Dollar Tree (NASDAQ:DLTR), which offers all products for under a dollar, said its third-quarter profit climbed 12% and surpassed Wall Street expectations on Thursday, as comparable sales continued to grow on year-earlier gains.
Discount retailers have seen heightened interest over the last few years as a slumped economy has hammered consumer sentiment and sent customers to cheaper stores. Like many others in the retail world, Dollar Tree has suffered under higher raw materials costs, however it has been able to partially offset that challenge through higher demand at its more established stores.

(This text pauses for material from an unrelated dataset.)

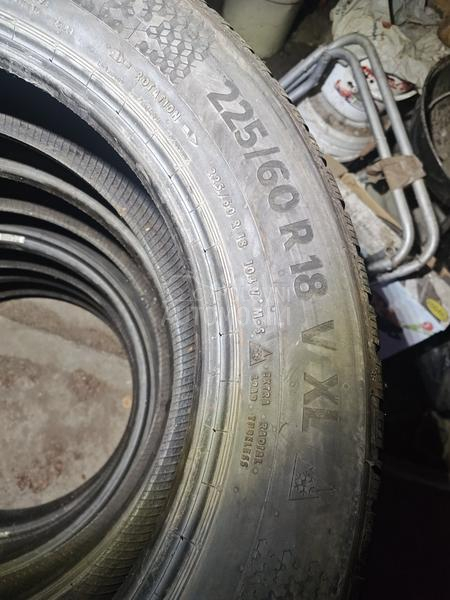 Continental 225/60 R18 Zimska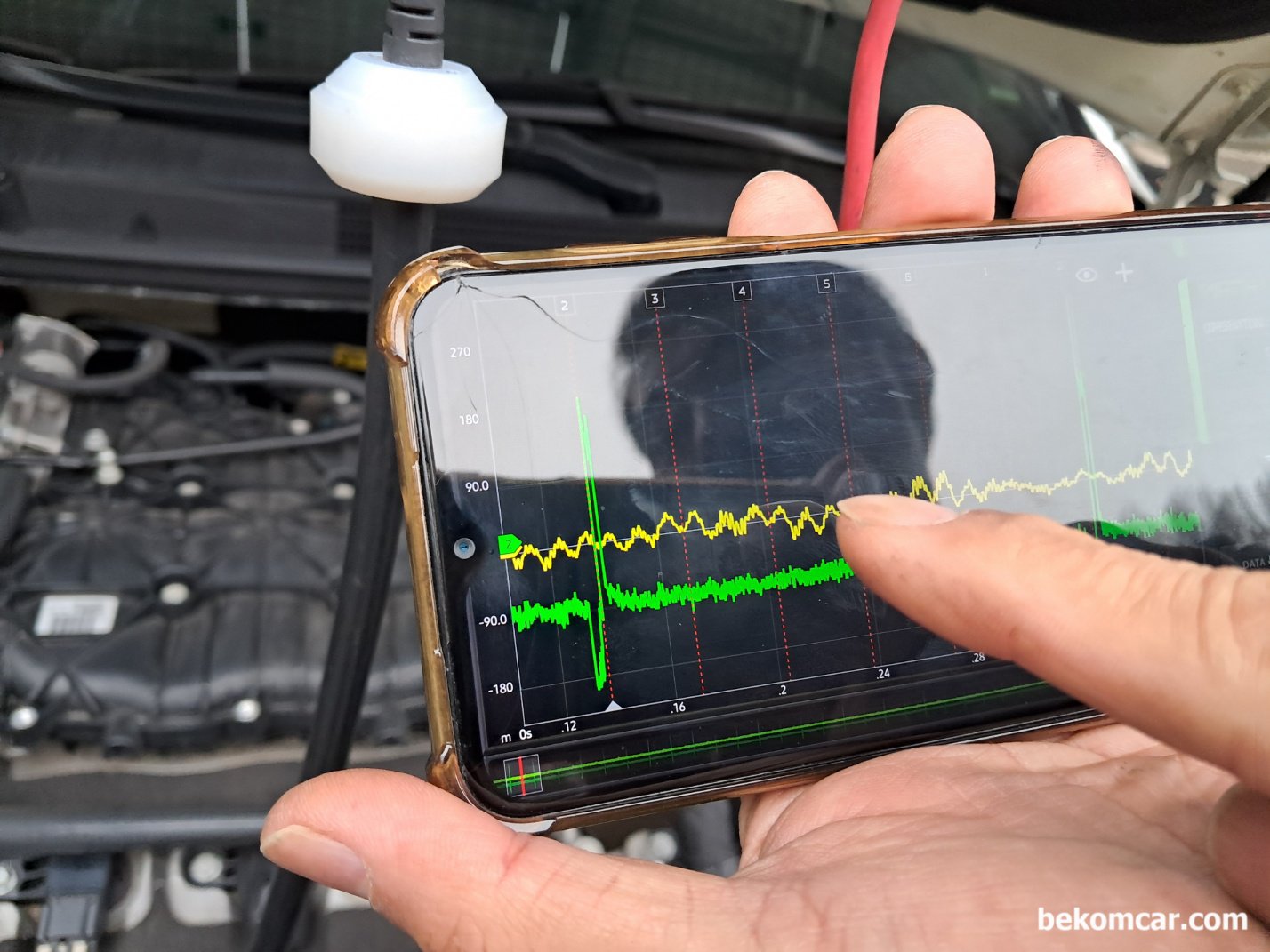 HS512Max 자동차전용 오실로스코프 활용사례, BMW Z4 점화상태  점검, 실제 휴대폰에서 HS512Max를 사용하고 있는 장면이다. 휴대폰에서 사용하기 때문에 기능. 성능이 뛰어나고 휴대성이 최고이다. 사실 수백만원 수천만원 하는 진단기에 있는 스코프보다 우리가 보통 사용하는 휴대폰 성능이 더 뛰어난 경우가 대부분이다. 진단기는 대부분 하드웨어 성능이 낮다.|bekomcar.com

The Chesapeake, Va.-based discount variety store operator reported net income of $104.5 million, or 87 cents a share, compared with $93.2 million, or 73 cents a share, in the same quarter last year.

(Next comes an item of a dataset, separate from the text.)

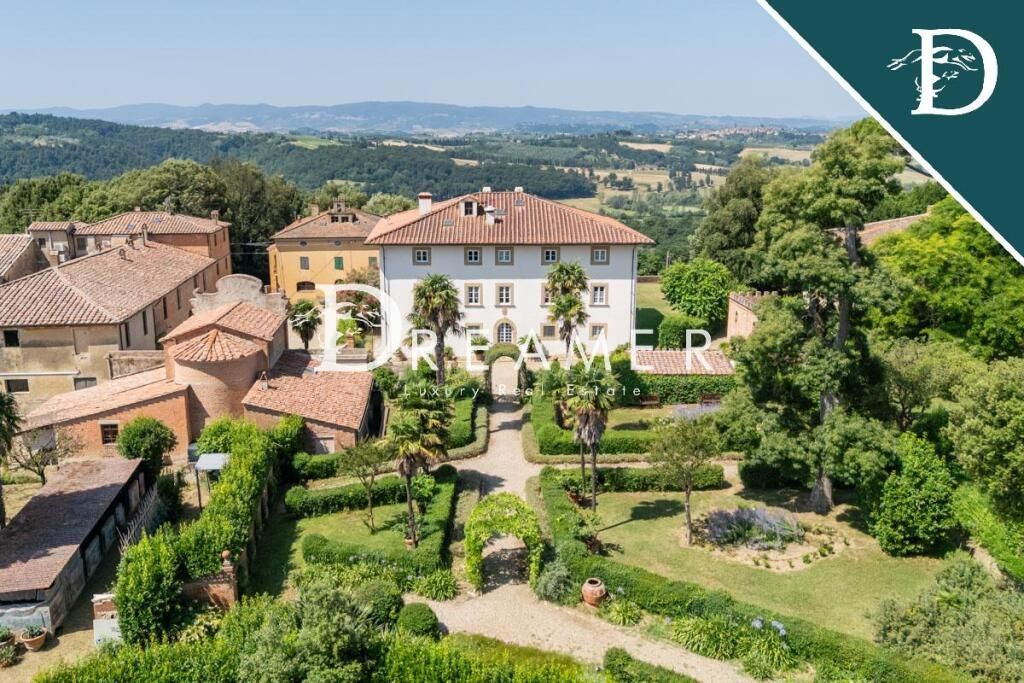 Villa Peccioli, Italy, 18 018.75 m² - picture 1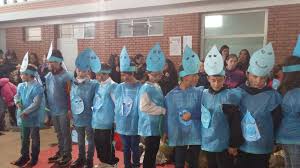 Disfraz de gota de agua. Colegio San Jose On Twitter Desfile De Disfraces De Primaria Paisajes Globos Gotas De Agua Piratas Y Payasos Http T Co Gwobctmidm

Analysts in a Thomson Reuters poll predicted, on average, earnings of just 83 cents.
Revenue for the three months ended Oct. 29 was $1.6 billion, up 11.9% from $1.43 billion a year ago, narrowly beating the Street’s view of $1.58 billion. The results were led by a 4.8% increase in comparable sales, or those at stores open longer than a year, on top of an 8.7% gain last year.

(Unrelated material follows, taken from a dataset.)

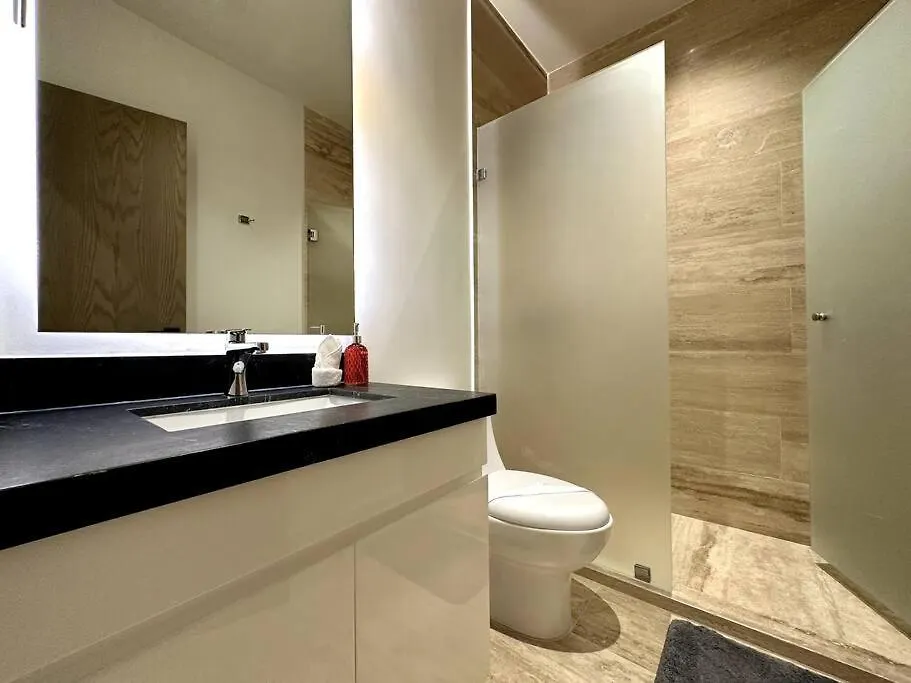 2Br Modern Condo With Rooftop Pool - Prime Location By Solmar Rentals Playa del Carmen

“Dollar Tree achieved double-digit growth in sales, operating margin and earnings per share against a very strong performance last year,” the company’s CEO, Bob Sasser, said in a statement.
Looking ahead, the company predicts fourth-quarter sales in the range of $1.89 billion to $1.94 billion, based on low- to mid-single digit positive comparable sales, with earnings between $1.50 and $1.57 a share. Wall Street is looking for a profit of $1.54 a share on sales of $1.91 billion.
For the full-year, Dollar Tree sees sales between $6.57 billion and $6.62 billion on earnings in the range of $3.94 to $4.01 a share. Analysts have forecasted a profit of $3.95 a share on revenue of $6.58 billion.